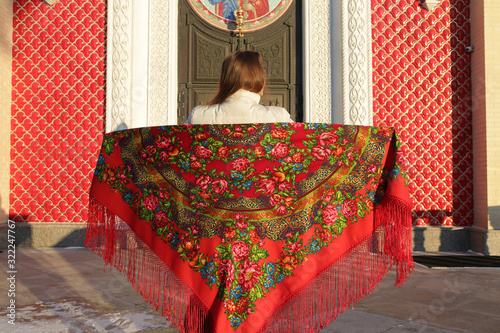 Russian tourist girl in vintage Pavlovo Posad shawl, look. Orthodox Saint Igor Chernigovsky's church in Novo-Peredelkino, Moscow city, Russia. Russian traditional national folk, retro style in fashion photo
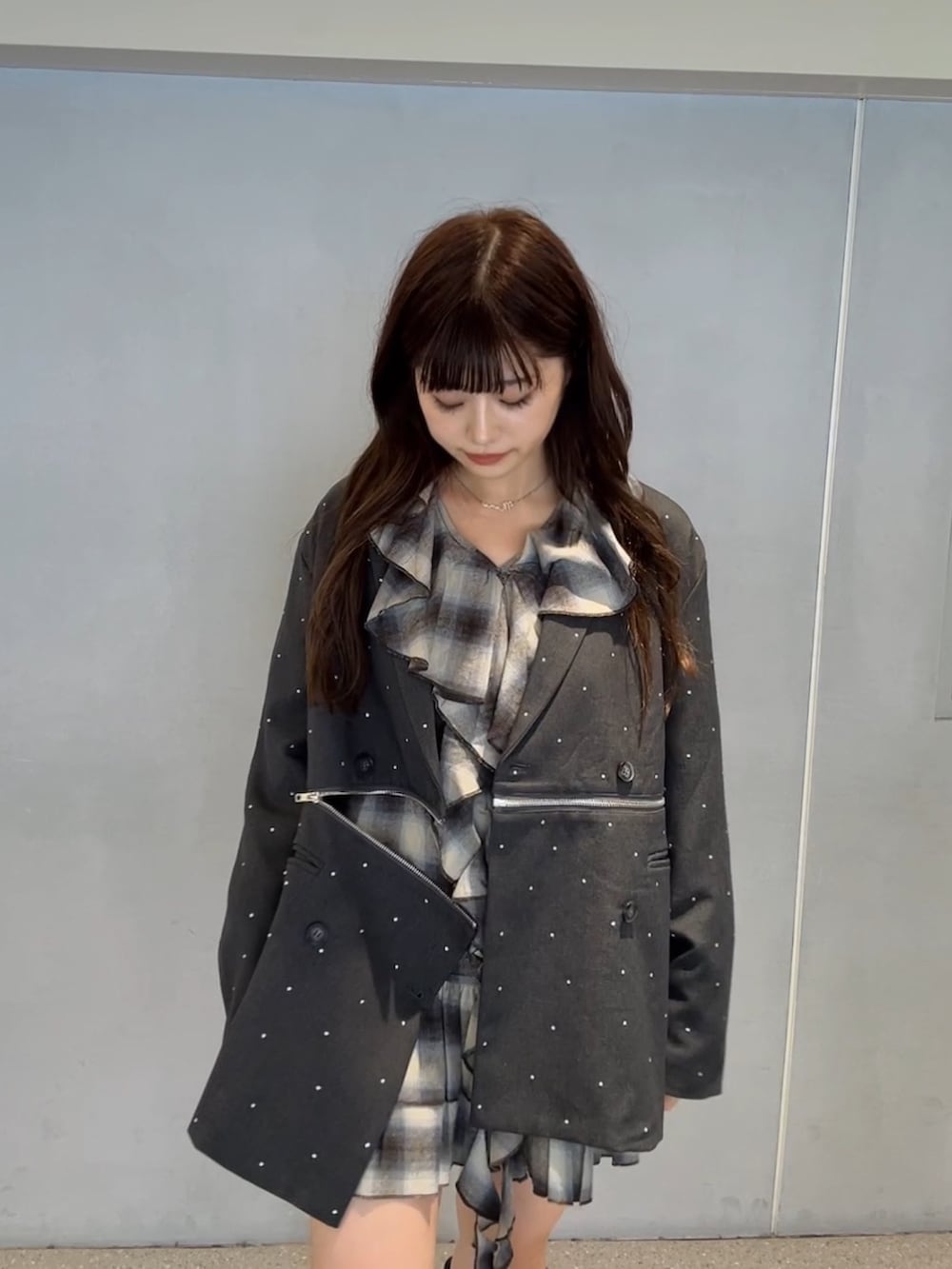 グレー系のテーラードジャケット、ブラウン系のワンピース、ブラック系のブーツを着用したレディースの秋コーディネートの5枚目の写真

---

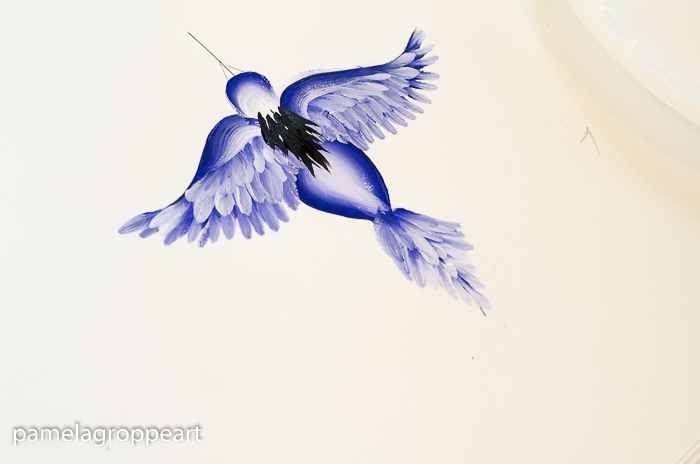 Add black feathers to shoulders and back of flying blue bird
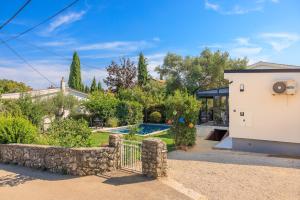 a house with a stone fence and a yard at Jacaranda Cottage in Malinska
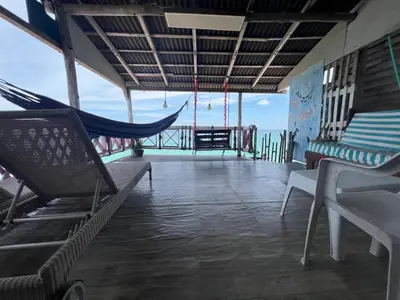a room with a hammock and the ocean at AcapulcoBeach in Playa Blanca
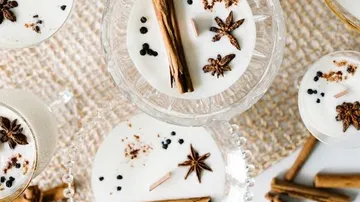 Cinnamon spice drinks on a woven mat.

§ **Problem to solve**
The lines to reproduce run from the one above containing "Russian tourist girl" through the one containing "グレー系のテーラードジャケッ". Copy them exactly and leave out all pictures.

§ **Answer to this exercise**
 Russian tourist girl in vintage Pavlovo Posad shawl, look. Orthodox Saint Igor Chernigovsky's church in Novo-Peredelkino, Moscow city, Russia. Russian traditional national folk, retro style in fashion photo
 グレー系のテーラードジャケット、ブラウン系のワンピース、ブラック系のブーツを着用したレディースの秋コーディネートの5枚目の写真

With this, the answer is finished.